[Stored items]
Segment Open
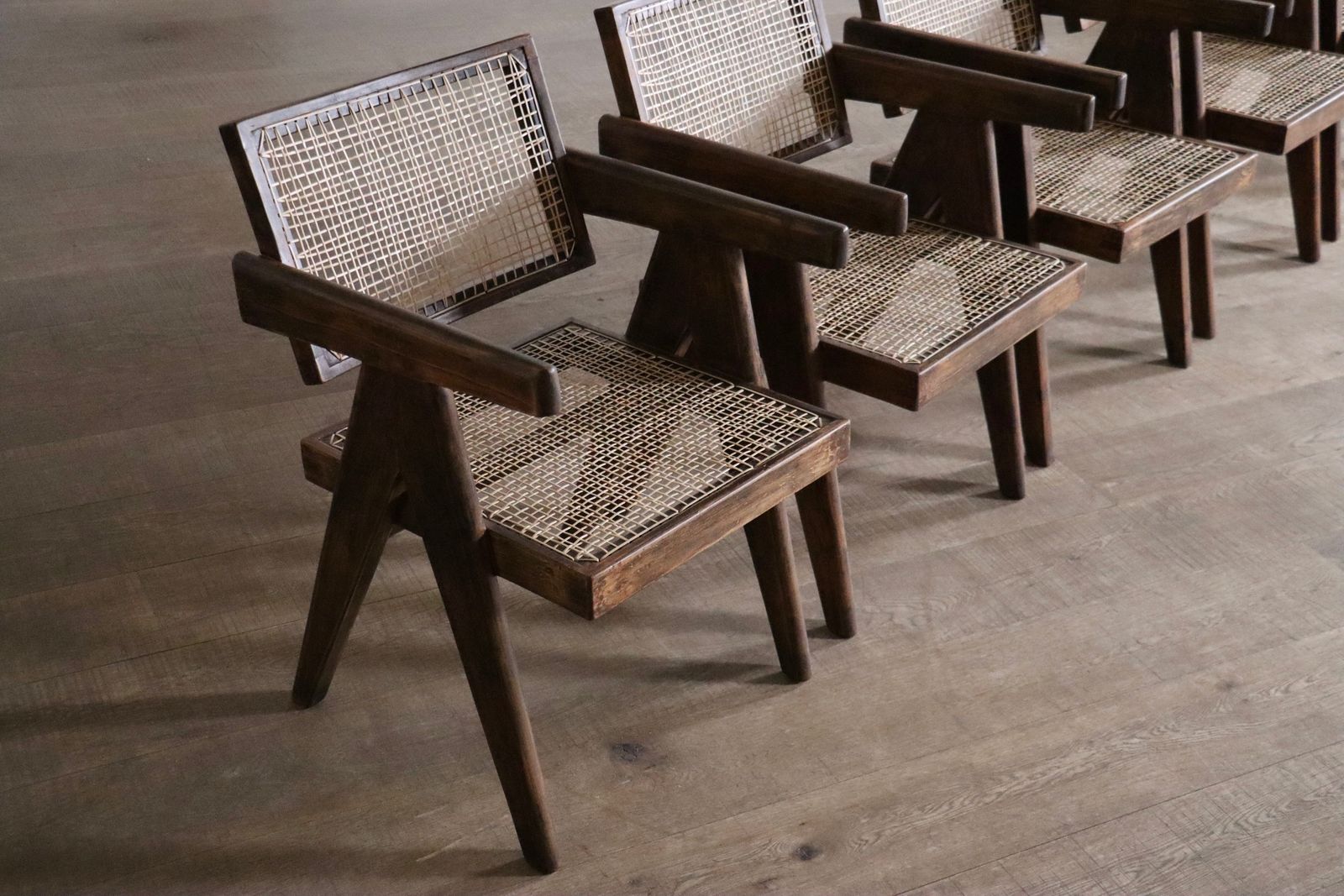 photo furniture Set van 8 Pierre Jeanneret Office Cane Chairs, India ca. jaren 1950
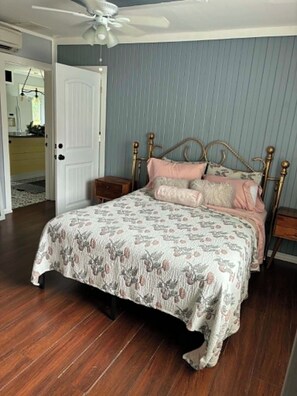 A bedroom with a bed, a nightstand, a wooden floor, a ceiling fan, and a door leading to another room.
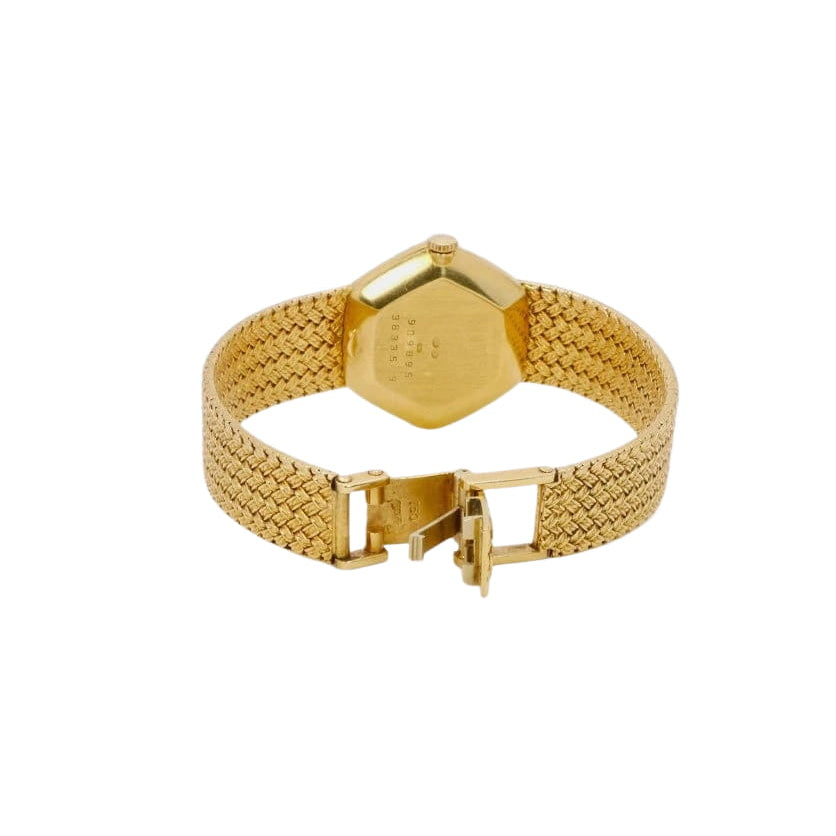 BAUME & MERCIER Montre vintage or jaune maille tressée - Castafiore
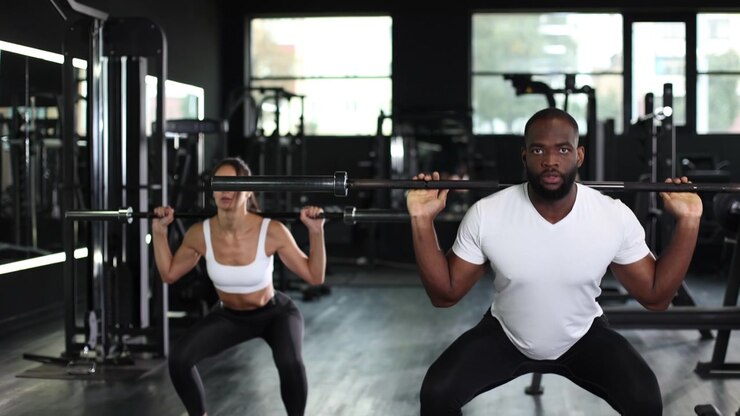 Athletic Man and Woman Performing Barbell Squats in Gym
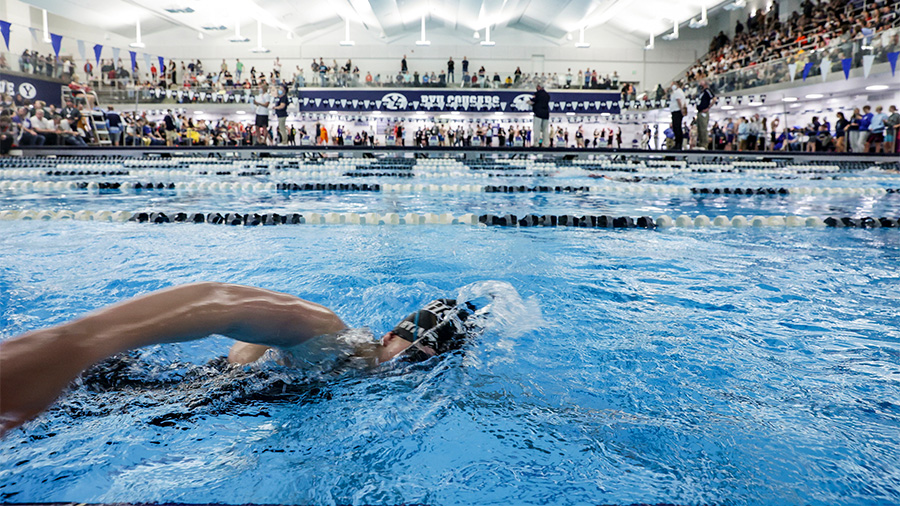 Swimmers swim at the 6A Swimming State Championships at Brigham Young University in Provo on Saturd...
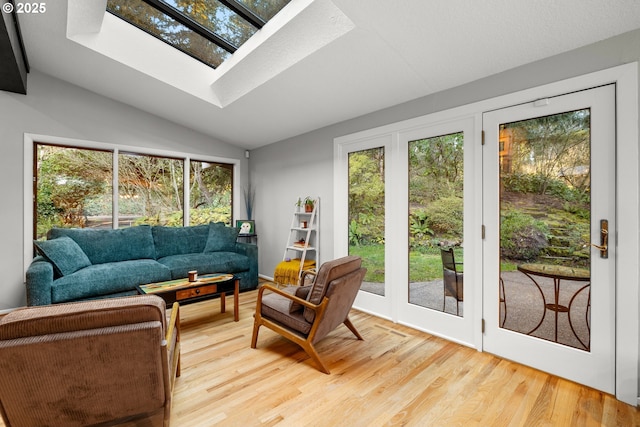 sunroom with lofted ceiling with skylight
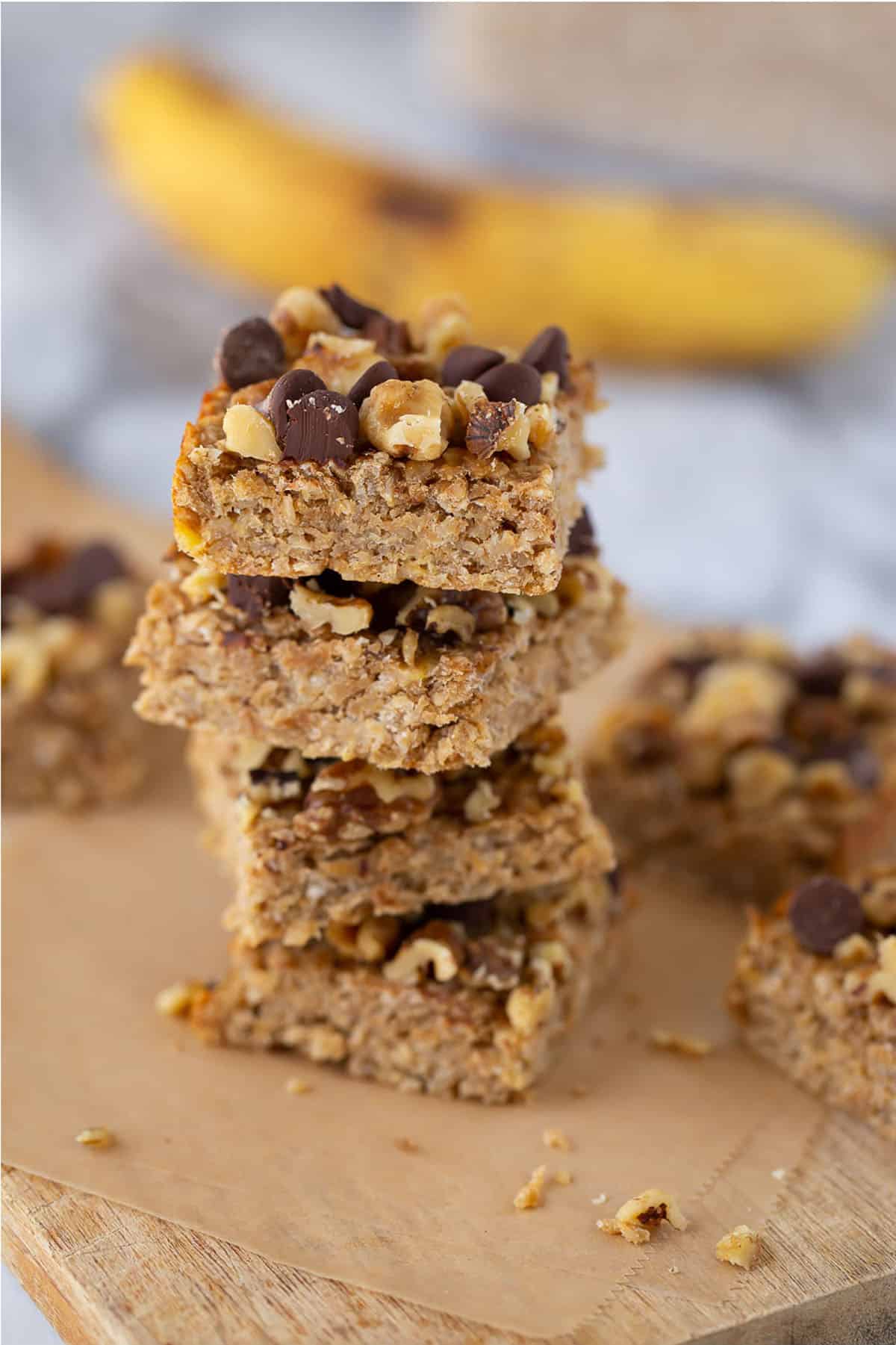 3 ingredient peanut butter banana snack bars cut into squares and stacked.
Segment Closed
**PROBLEM STATEMENT:** Leaving out every picture, copy exactly the lines from the one that contains "Athletic Man and" through the end of the entries above.

**TASK OUTPUT:**
 Athletic Man and Woman Performing Barbell Squats in Gym
 Swimmers swim at the 6A Swimming State Championships at Brigham Young University in Provo on Saturd...
 sunroom with lofted ceiling with skylight
 3 ingredient peanut butter banana snack bars cut into squares and stacked.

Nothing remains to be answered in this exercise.